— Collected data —
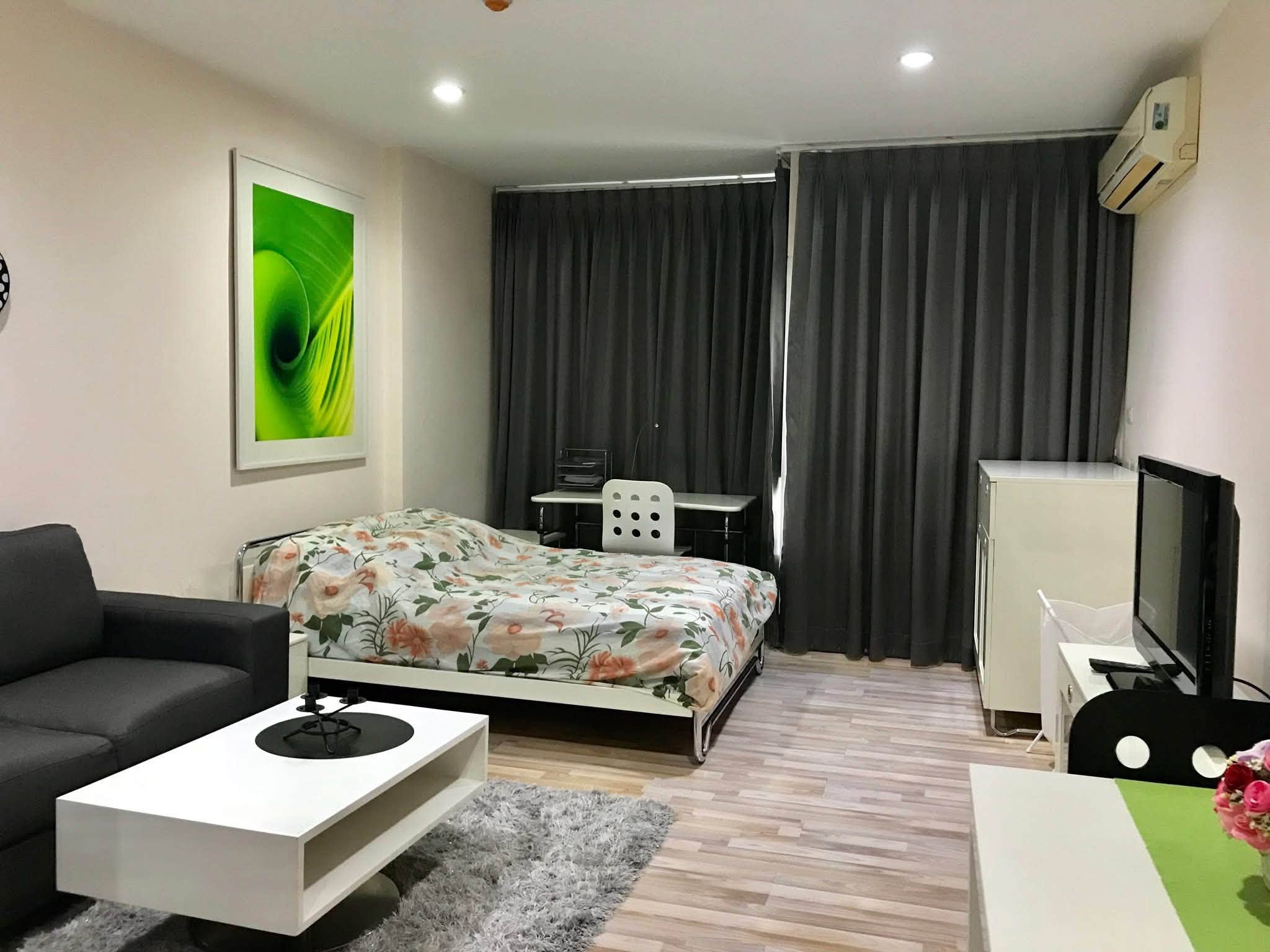 PG Rama 9 1-Bedroom Condo near Central Rama 9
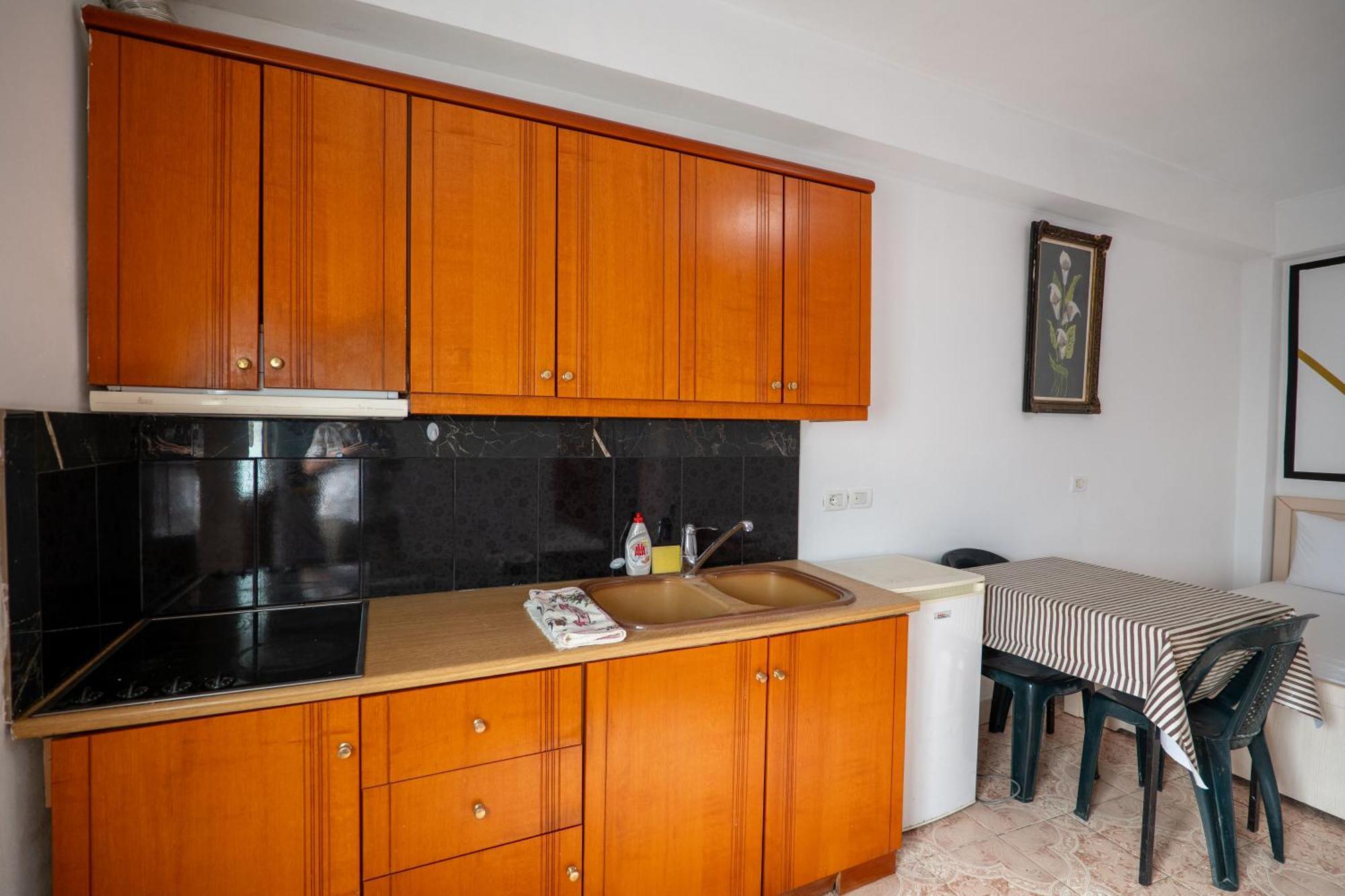 Garden Villa Lake Side & Glamping Ksamil Bagian luar foto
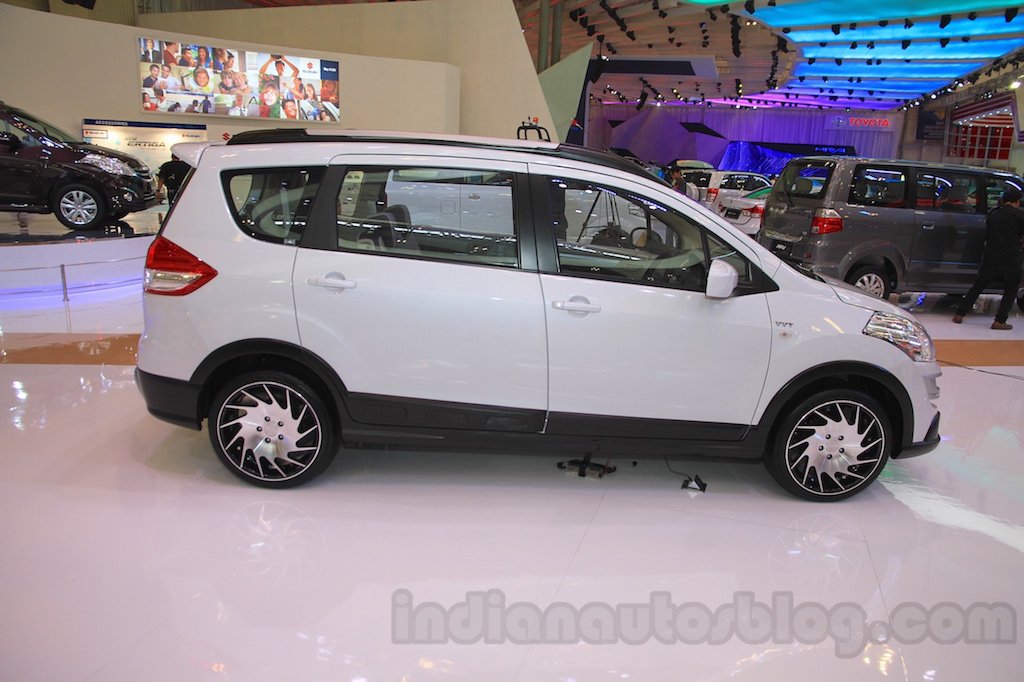 Suzuki Ertiga Crossover Concept Side 2015 GIIAS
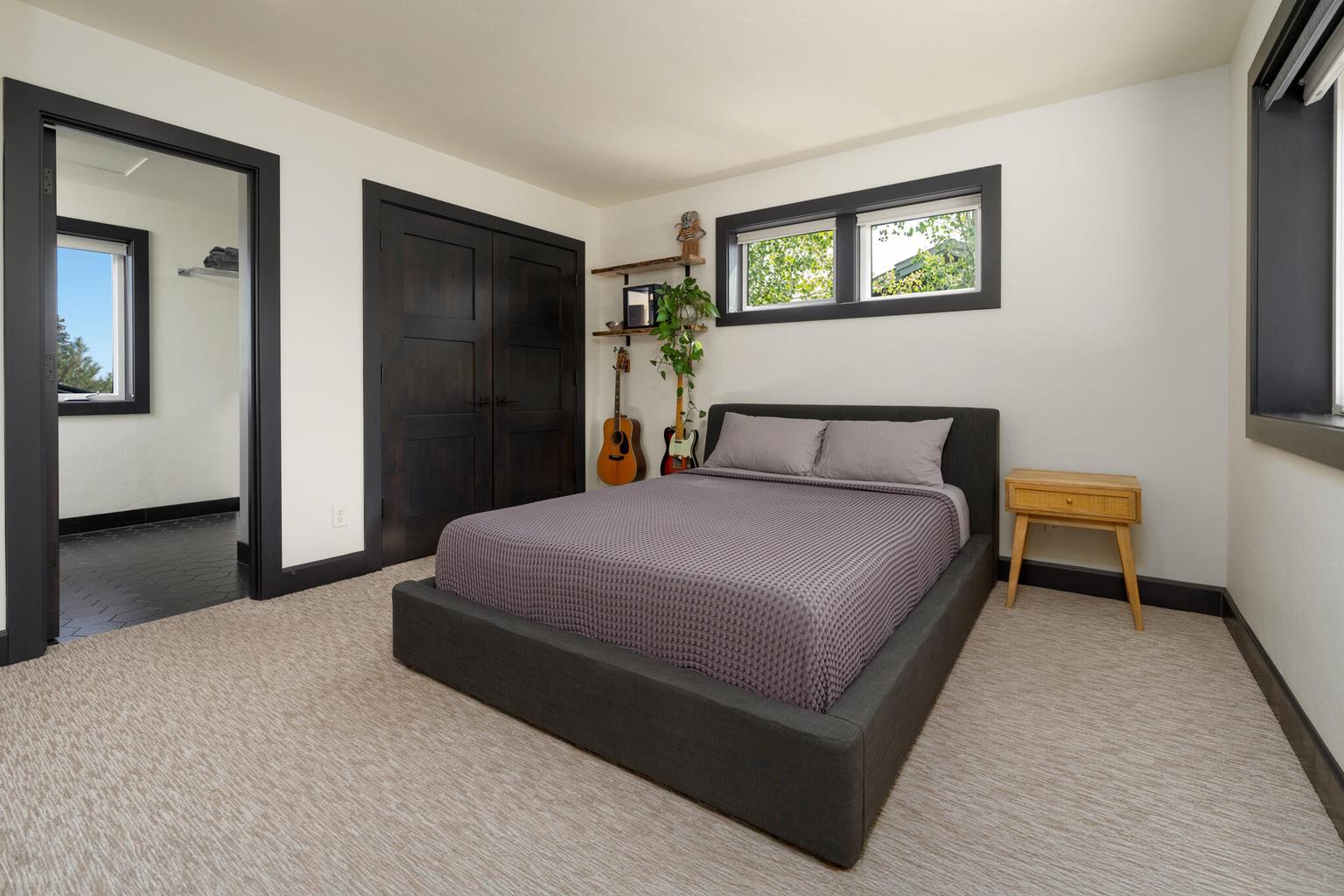 Photo of 61341 Bonneville Loop 38 of 54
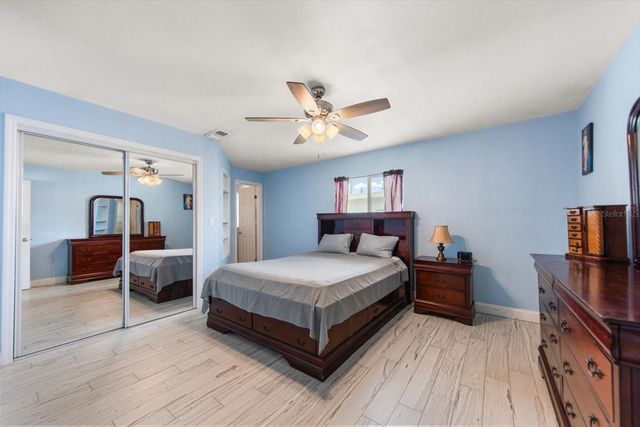 811 48TH AVENUE N, St Petersburg, FL 33703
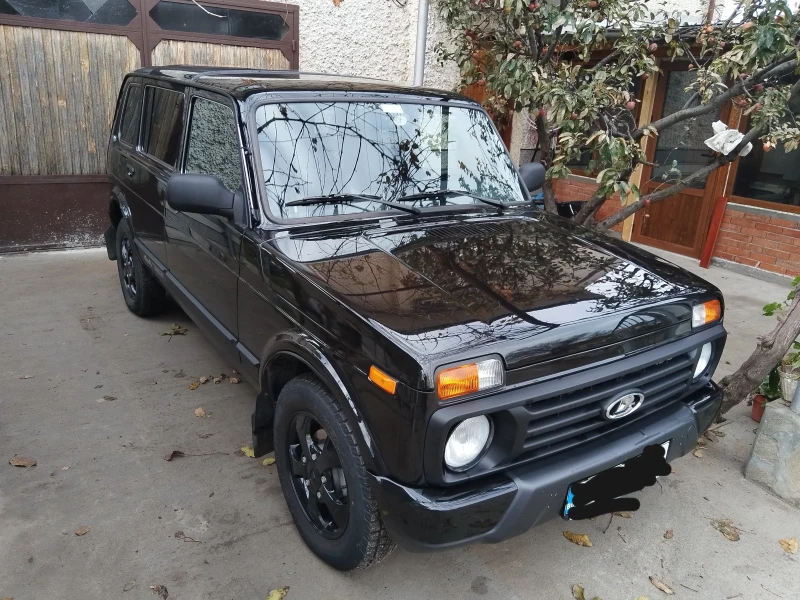 Lada Niva URBAN, снимка 1 - Автомобили и джипове - 47299638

— EXERCISE —
Only the lines from the one containing "Suzuki Ertiga Crossover" through the end of the records are wanted, set down exactly and without their pictures.

— ANSWER SECTION —
 Suzuki Ertiga Crossover Concept Side 2015 GIIAS
 Photo of 61341 Bonneville Loop 38 of 54
 811 48TH AVENUE N, St Petersburg, FL 33703
 Lada Niva URBAN, снимка 1 - Автомобили и джипове - 47299638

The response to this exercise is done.